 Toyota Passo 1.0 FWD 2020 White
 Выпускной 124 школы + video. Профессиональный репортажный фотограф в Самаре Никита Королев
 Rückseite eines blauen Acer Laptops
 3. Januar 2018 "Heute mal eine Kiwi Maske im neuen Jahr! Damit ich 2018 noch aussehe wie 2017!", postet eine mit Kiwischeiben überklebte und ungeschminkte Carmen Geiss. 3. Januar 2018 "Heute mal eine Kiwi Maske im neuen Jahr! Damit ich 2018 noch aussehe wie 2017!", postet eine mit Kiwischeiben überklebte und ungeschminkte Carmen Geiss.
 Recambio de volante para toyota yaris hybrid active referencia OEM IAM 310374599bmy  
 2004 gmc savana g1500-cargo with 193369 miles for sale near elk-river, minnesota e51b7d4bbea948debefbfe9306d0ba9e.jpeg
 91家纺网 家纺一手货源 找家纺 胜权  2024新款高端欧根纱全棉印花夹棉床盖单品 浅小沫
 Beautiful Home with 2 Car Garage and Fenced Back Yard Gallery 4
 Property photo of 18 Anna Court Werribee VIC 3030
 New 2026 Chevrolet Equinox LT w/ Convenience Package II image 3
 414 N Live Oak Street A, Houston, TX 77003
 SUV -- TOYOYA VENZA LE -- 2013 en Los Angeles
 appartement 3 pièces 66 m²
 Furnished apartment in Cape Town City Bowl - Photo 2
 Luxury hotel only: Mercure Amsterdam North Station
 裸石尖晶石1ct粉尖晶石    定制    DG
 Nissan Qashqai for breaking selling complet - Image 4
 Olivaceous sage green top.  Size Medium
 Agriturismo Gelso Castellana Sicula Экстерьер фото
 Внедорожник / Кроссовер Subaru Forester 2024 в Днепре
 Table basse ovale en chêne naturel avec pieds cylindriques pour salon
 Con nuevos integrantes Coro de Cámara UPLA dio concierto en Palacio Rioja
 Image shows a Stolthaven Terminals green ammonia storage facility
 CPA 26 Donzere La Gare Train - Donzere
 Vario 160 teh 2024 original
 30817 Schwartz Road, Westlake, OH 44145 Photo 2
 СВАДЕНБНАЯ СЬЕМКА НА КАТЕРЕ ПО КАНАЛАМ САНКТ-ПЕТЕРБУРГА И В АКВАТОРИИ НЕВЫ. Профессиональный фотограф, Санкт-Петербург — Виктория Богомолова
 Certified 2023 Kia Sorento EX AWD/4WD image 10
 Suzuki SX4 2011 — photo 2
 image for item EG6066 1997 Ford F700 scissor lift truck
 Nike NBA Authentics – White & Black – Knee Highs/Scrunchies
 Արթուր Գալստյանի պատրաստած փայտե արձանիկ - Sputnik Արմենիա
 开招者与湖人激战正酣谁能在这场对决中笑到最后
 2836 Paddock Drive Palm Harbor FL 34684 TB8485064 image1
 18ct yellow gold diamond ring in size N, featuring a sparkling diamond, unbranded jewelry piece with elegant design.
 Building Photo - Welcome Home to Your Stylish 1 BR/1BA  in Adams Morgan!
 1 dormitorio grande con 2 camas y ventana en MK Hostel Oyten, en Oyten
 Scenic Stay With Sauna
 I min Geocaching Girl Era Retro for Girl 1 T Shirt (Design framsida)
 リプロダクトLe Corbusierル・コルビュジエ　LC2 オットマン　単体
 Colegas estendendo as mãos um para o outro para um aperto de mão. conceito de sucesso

### Problem description
Exactly one number is the answer: how many lines of the entries contain the string "green".

### Solution
2